## DATA PROVIDED
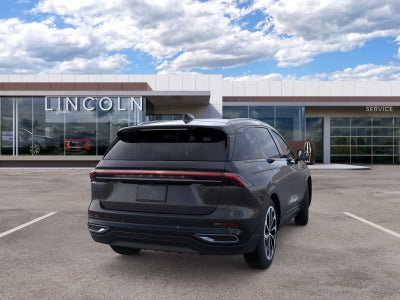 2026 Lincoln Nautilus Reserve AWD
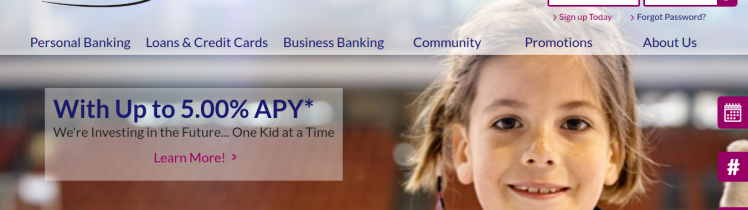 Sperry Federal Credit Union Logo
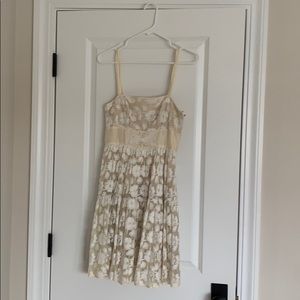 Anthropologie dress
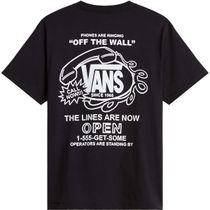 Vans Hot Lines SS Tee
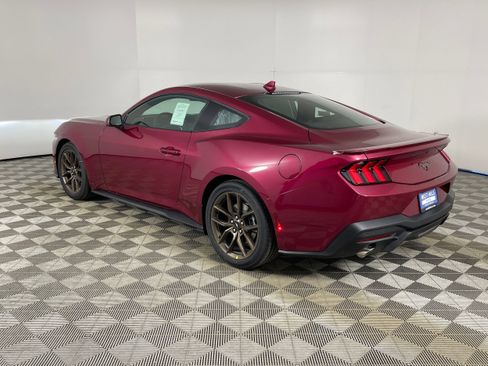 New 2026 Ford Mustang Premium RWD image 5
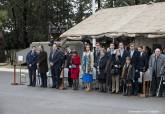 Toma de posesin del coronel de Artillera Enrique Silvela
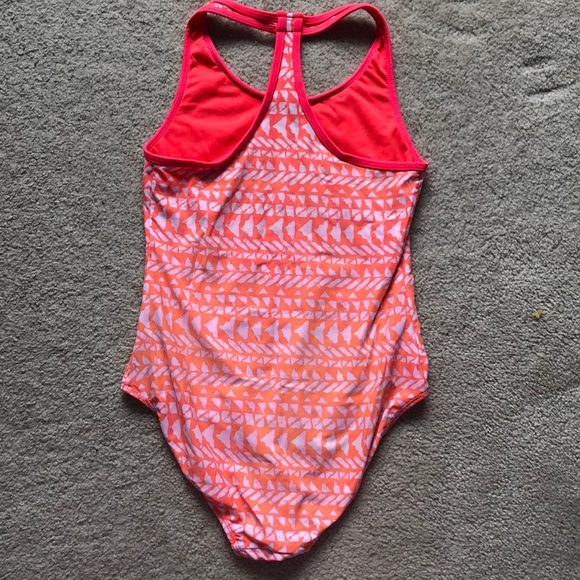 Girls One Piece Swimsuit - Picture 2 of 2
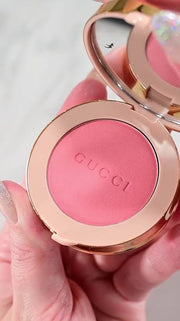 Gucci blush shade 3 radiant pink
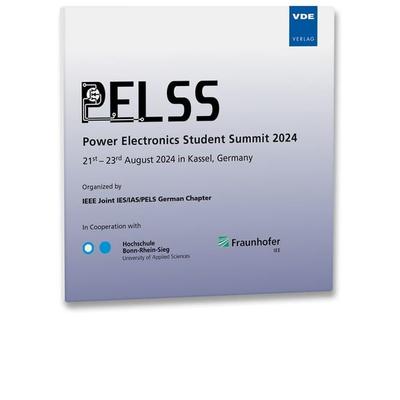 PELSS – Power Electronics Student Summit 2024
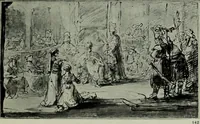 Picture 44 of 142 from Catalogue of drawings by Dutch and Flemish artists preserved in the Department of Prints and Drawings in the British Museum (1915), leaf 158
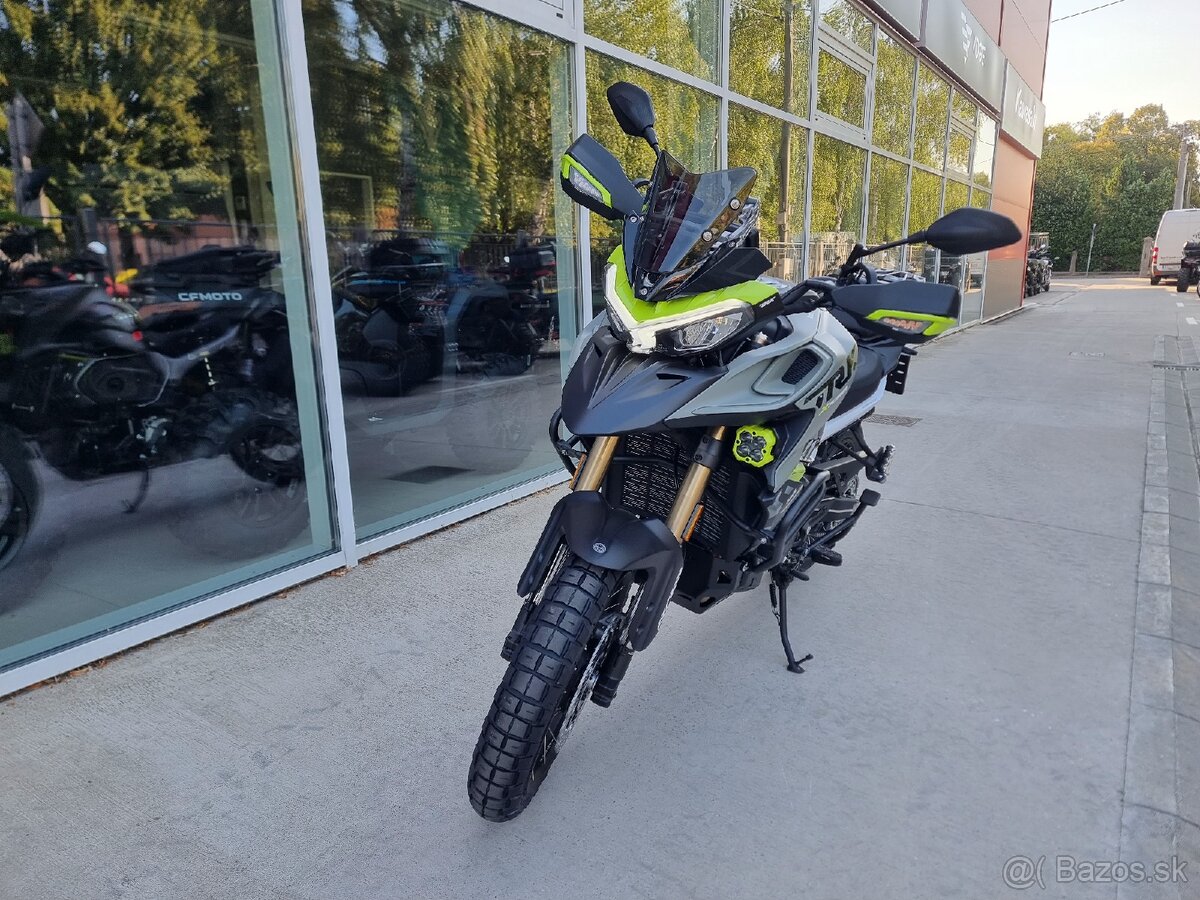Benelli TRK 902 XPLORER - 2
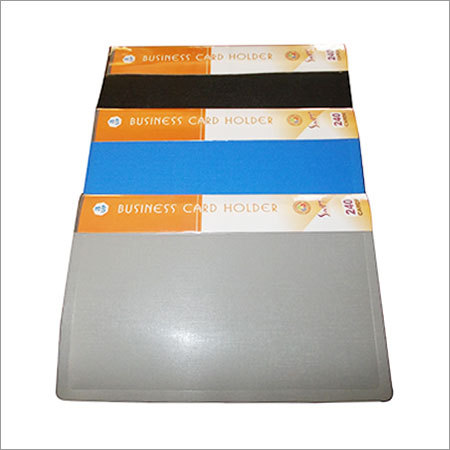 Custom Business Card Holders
...
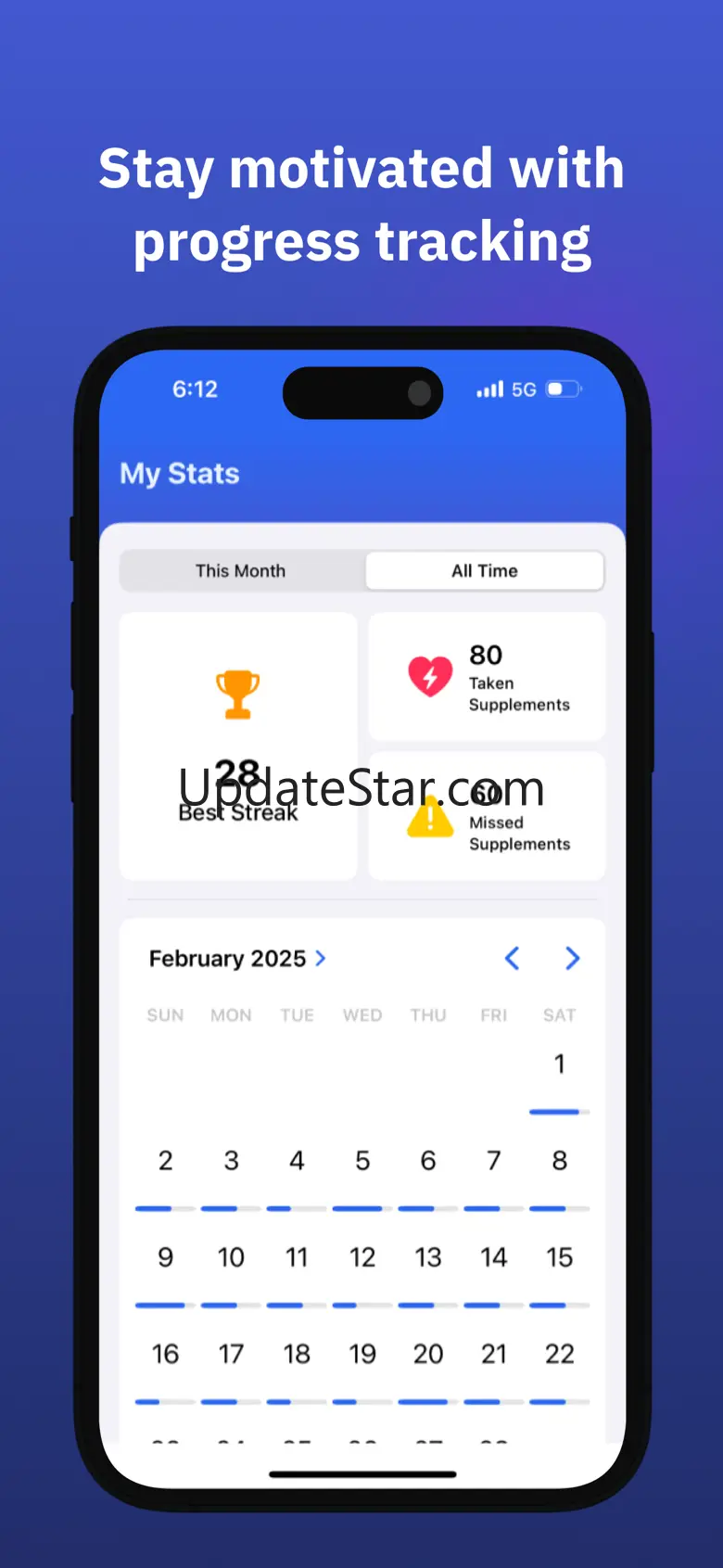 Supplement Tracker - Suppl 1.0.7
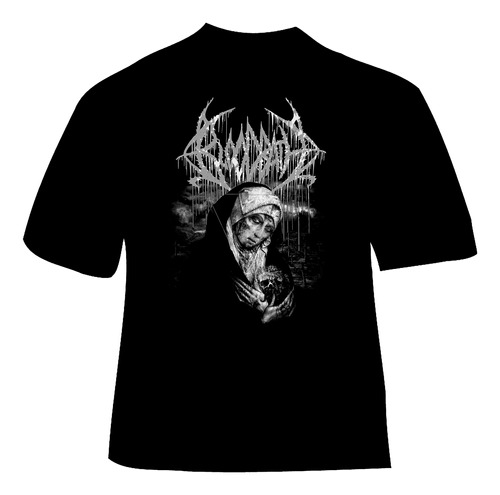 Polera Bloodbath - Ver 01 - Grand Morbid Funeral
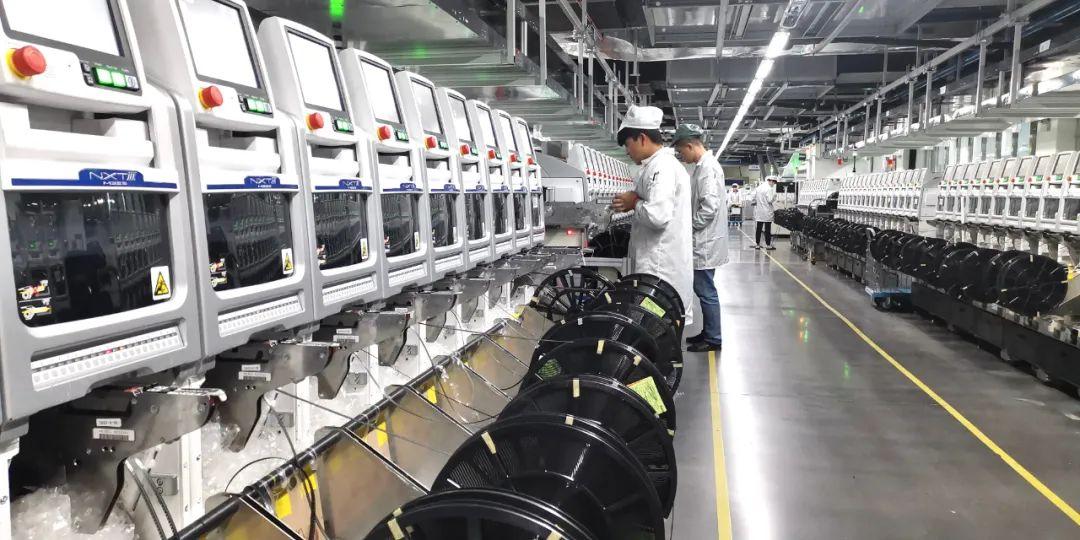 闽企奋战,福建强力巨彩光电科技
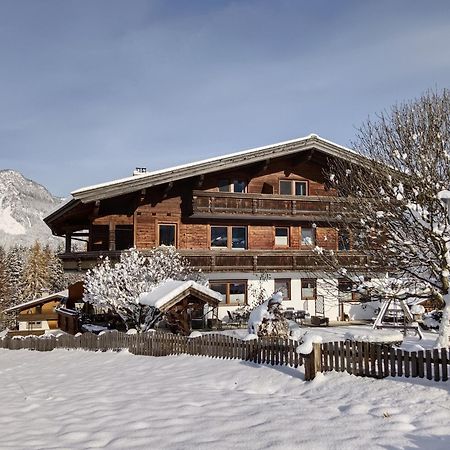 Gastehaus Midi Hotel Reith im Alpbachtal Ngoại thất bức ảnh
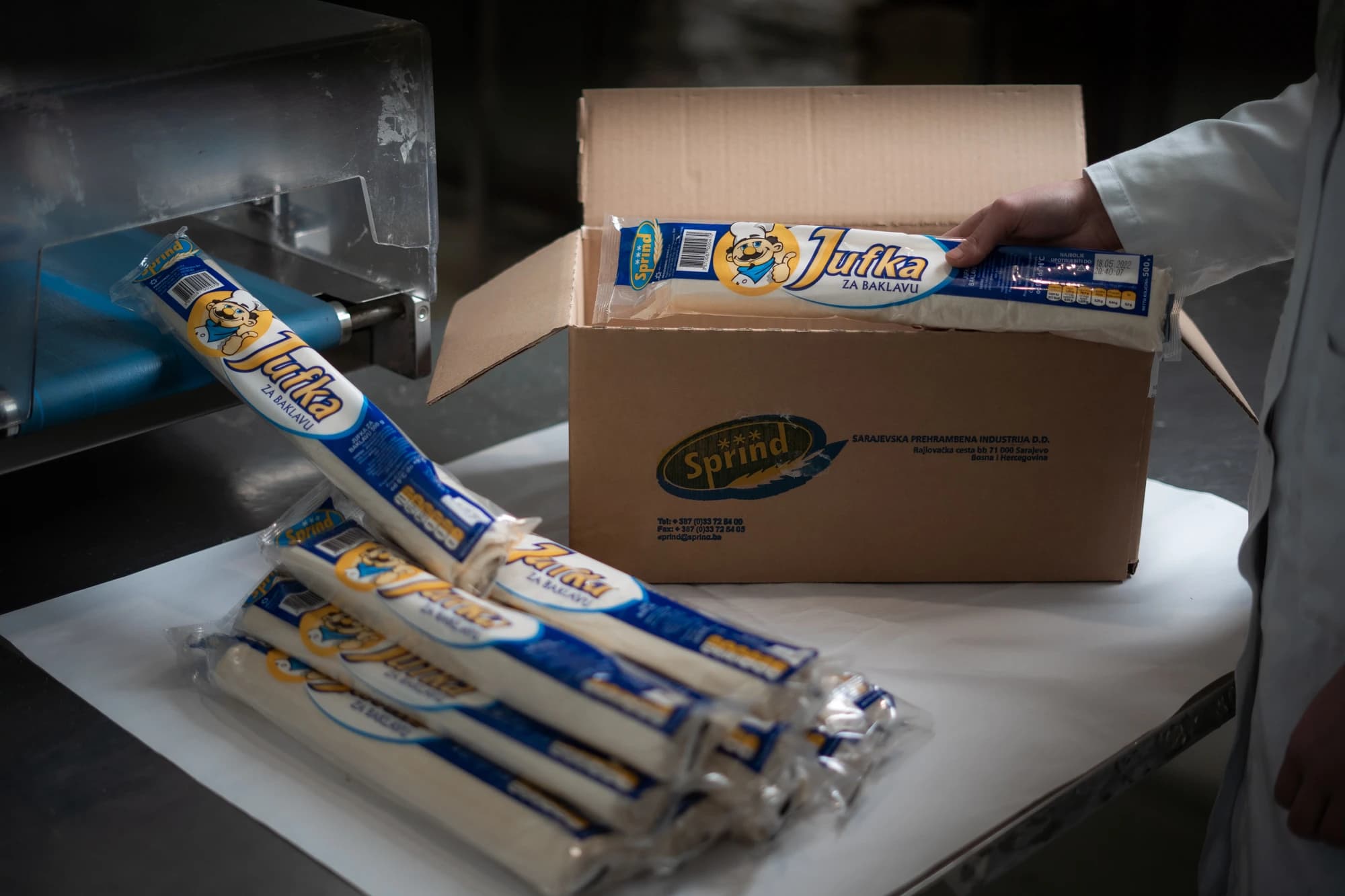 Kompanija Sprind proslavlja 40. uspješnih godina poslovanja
---
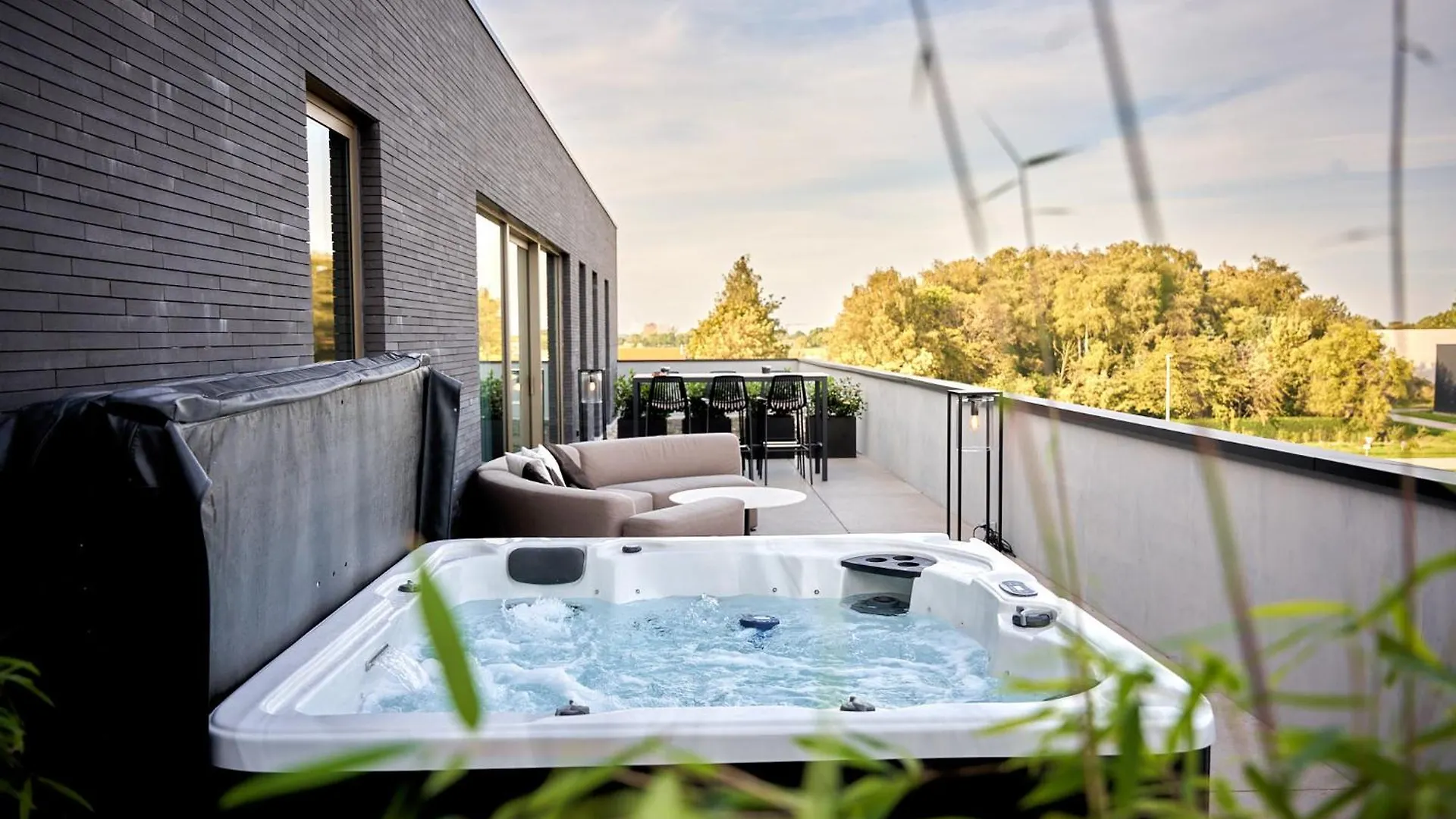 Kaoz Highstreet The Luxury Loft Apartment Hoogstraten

## ASSIGNMENT
Starting at the line with "Toma de posesin" in the entries above, write out every line exactly until the line with "Picture 44 of" has been written. Include no pictures and nothing more.

## TASK RESPONSE
 Toma de posesin del coronel de Artillera Enrique Silvela
 Girls One Piece Swimsuit - Picture 2 of 2
 Gucci blush shade 3 radiant pink
 PELSS – Power Electronics Student Summit 2024
 Picture 44 of 142 from Catalogue of drawings by Dutch and Flemish artists preserved in the Department of Prints and Drawings in the British Museum (1915), leaf 158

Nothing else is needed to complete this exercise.